Stand with your feet at shoulder-width, then lift the slam ball above your head, while fully extending your body. Throw it to the ground in front of you, dipping your knees to catch it on the bounce and propelling it back up for the next rep.

02/ Battle Rope Slam

Next, grab a rope end in each hand and bend your knees. In one explosive movement, lift the ropes to shoulder height, rising up onto your toes, then slam the ropes down. Move straight into the next rep, making sure that you maintain a rhythm.

03/ Shuttle Run

Now, drop the ropes and run back and forth between two markers, tapping the ground between your feet as you turn. If you don’t have the space to run in your gym, you can sub in jumping jacks or bunny hops over a bench.

04/ Farmer’s Walk

Grab two heavy kettlebell­s. Retract your shoulder blades, tighten your abs and carry the weights back and forth. This will allow your heart rate to come down before you start swinging…

05/ Kettlebell Swing

Grab a lighter weight if necessary.

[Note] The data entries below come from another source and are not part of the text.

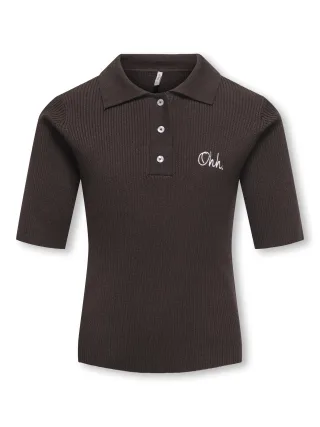 KIDS ONLY - KOGNATASCHA SS POLO SHIRT KNT Coffee Bean - Gr. - 152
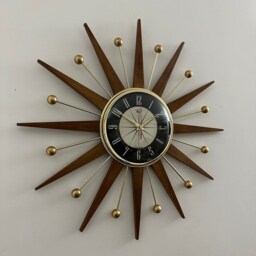 Handmade Mid Century Starburst Clock Teak Rays, Gold Atomic Balls - 21 - thumbnail 2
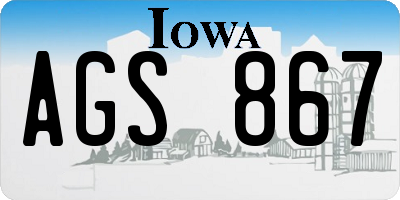 IA license plate AGS867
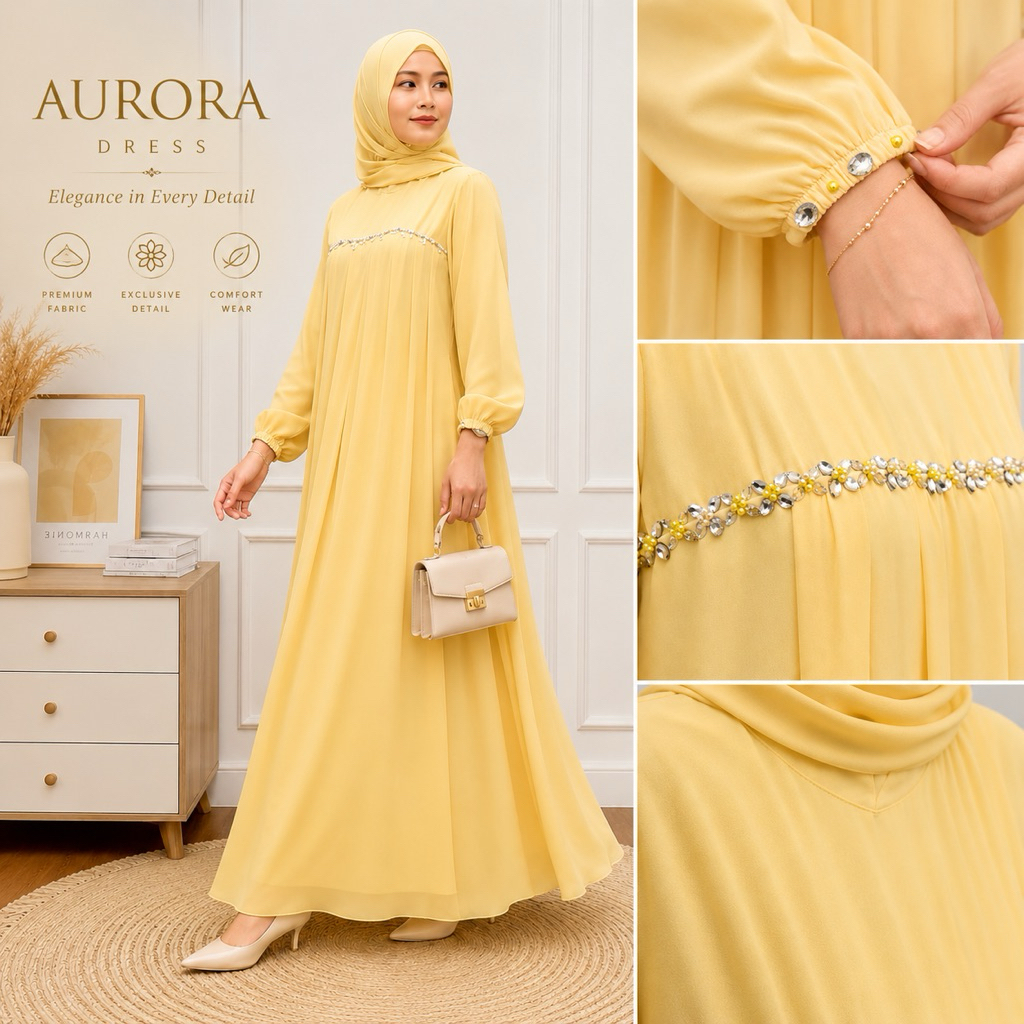 Jual Gamis Warna Butter Yellow Wanita Terbaru 2026 Polos Elegan Dress ...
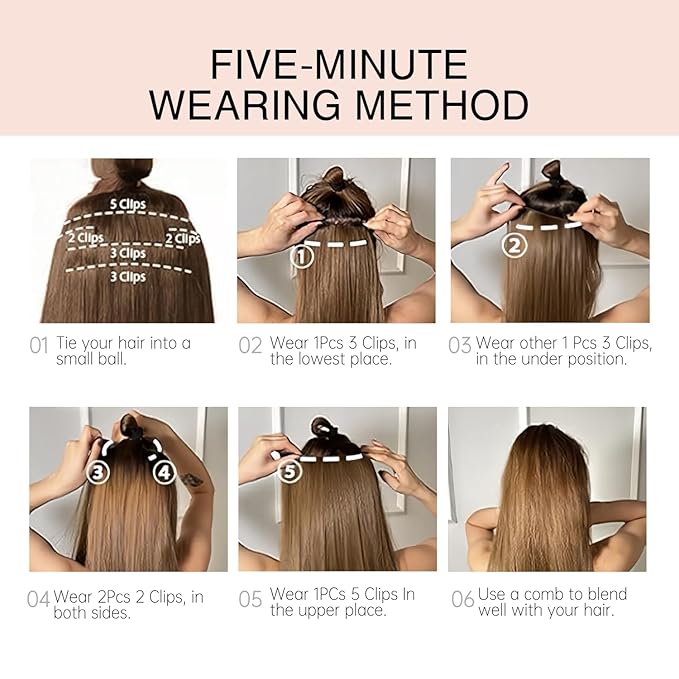Natural Black Hair Extension Clips 26 Inch Long Invisible Straight Thick Synthetic Clip in Extensions Ins 5PCS Easy Installation Fake Soft Hairpieces for Women Weddings Party Daily Use 8.1 Oz
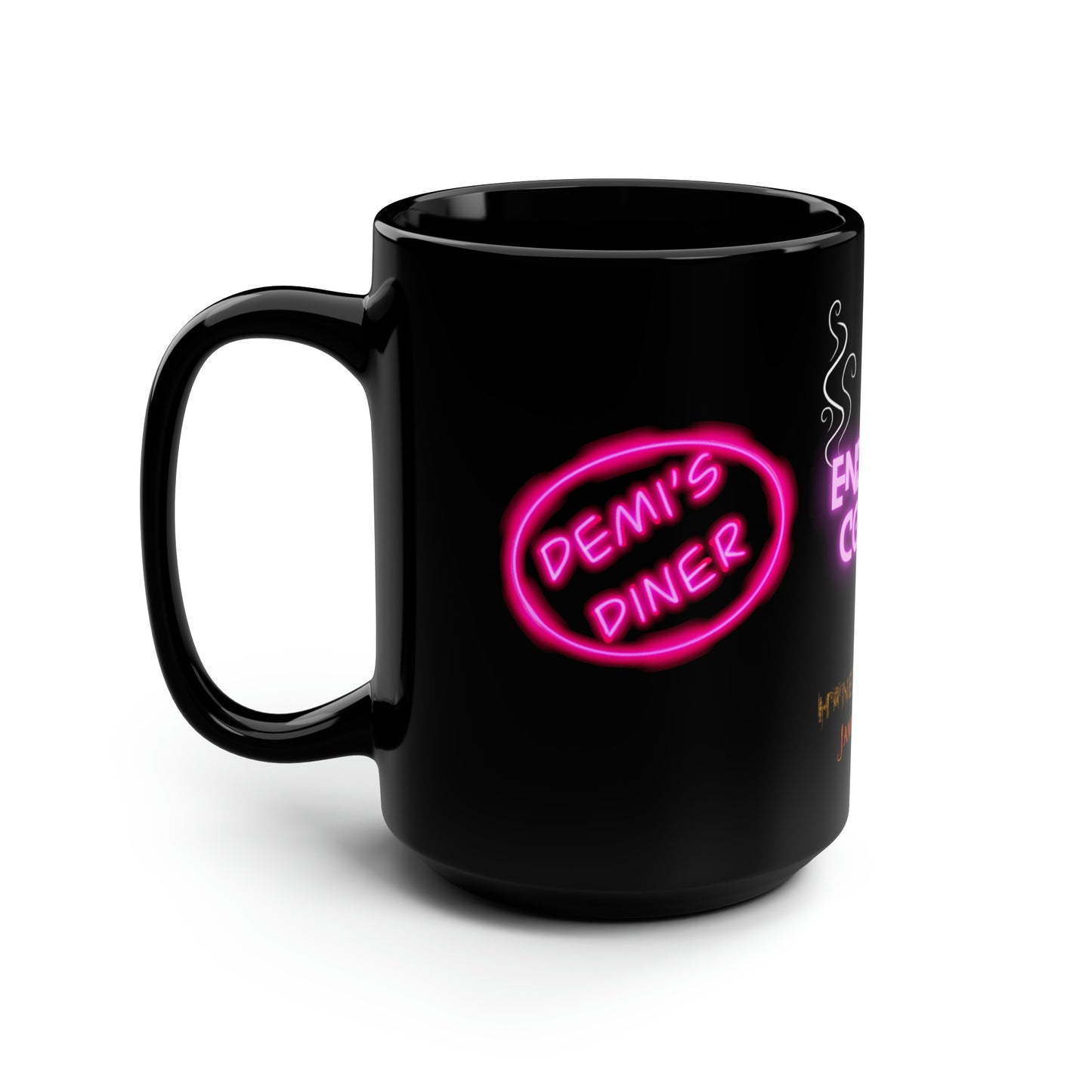 Demi's Diner Black Mug, 15oz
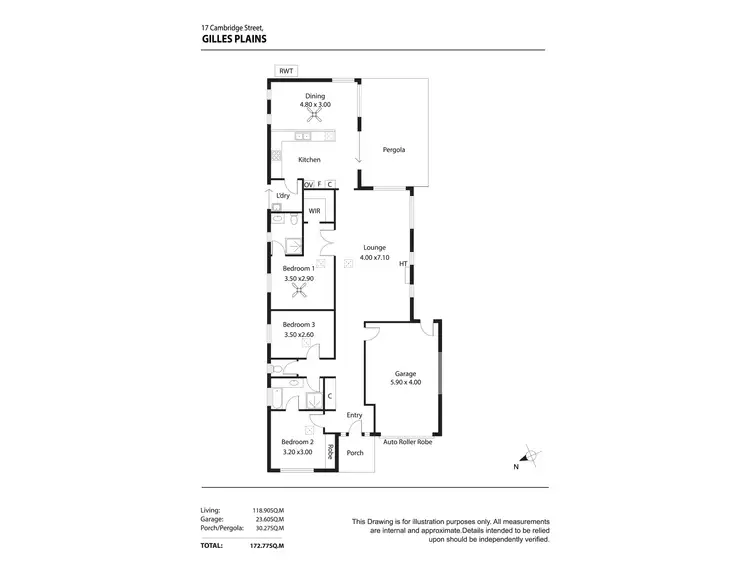 Floorplan of Homely house listing, 17 Cambridge Street, Gilles Plains SA 5086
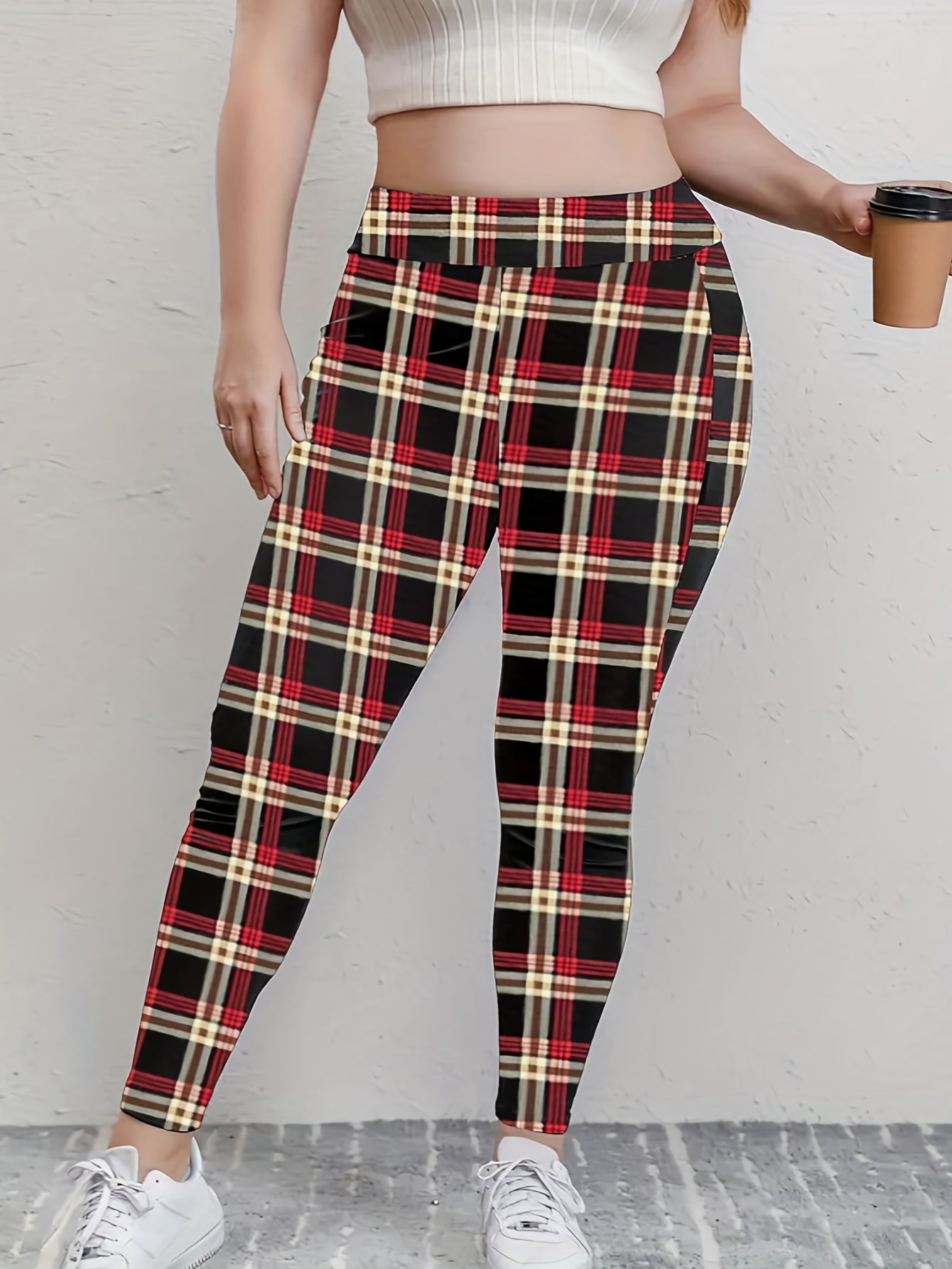  Plaid Print High Stretch Leggings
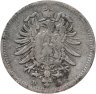 Купить Германия 20 пфеннигов (pfennig) 1875, знак монетного двора: "D" - Мюнхен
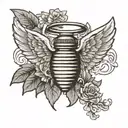 The name "Honey" with angel wings on either side and a halo on top tattoo design idea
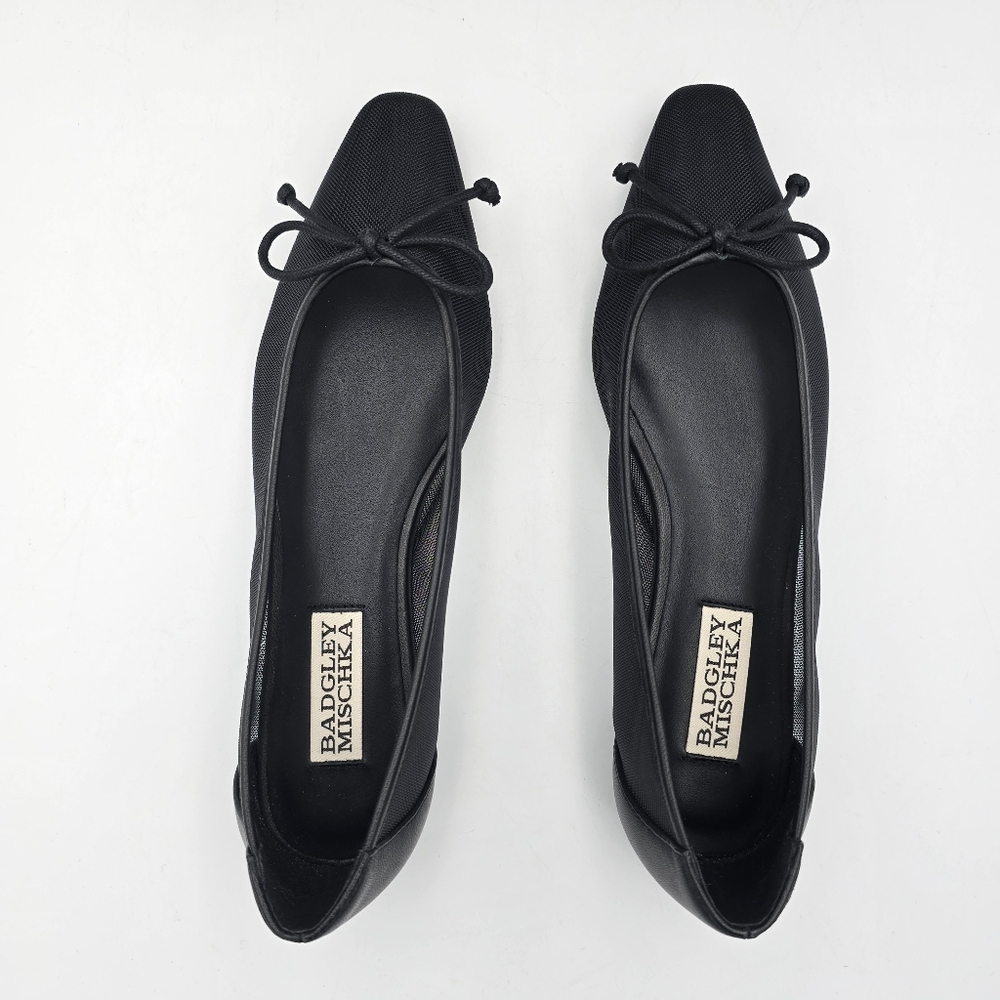 NIB Badgley Mischka Cam Pointed Toe Leather Flats with Bow, Black Mesh, Size 5 - Picture 7 of 14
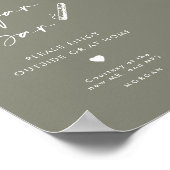 シックなセージ緑のお気に入りシガーバー結婚ズサイン ポスター (角)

Bend at your hips, keeping your back straight, then drive your hips forward to swing the weight up until your arms are parallel to the floor, allowing momentum to carry it back.

06/ Kettlebell Thruster

Holding two kettlebell­s in a rack position, drop into a squat, keeping your chest up. Accelerate as you reach the top of the squat and drive the weights overhead until your arms are extended. Drop back into a squat.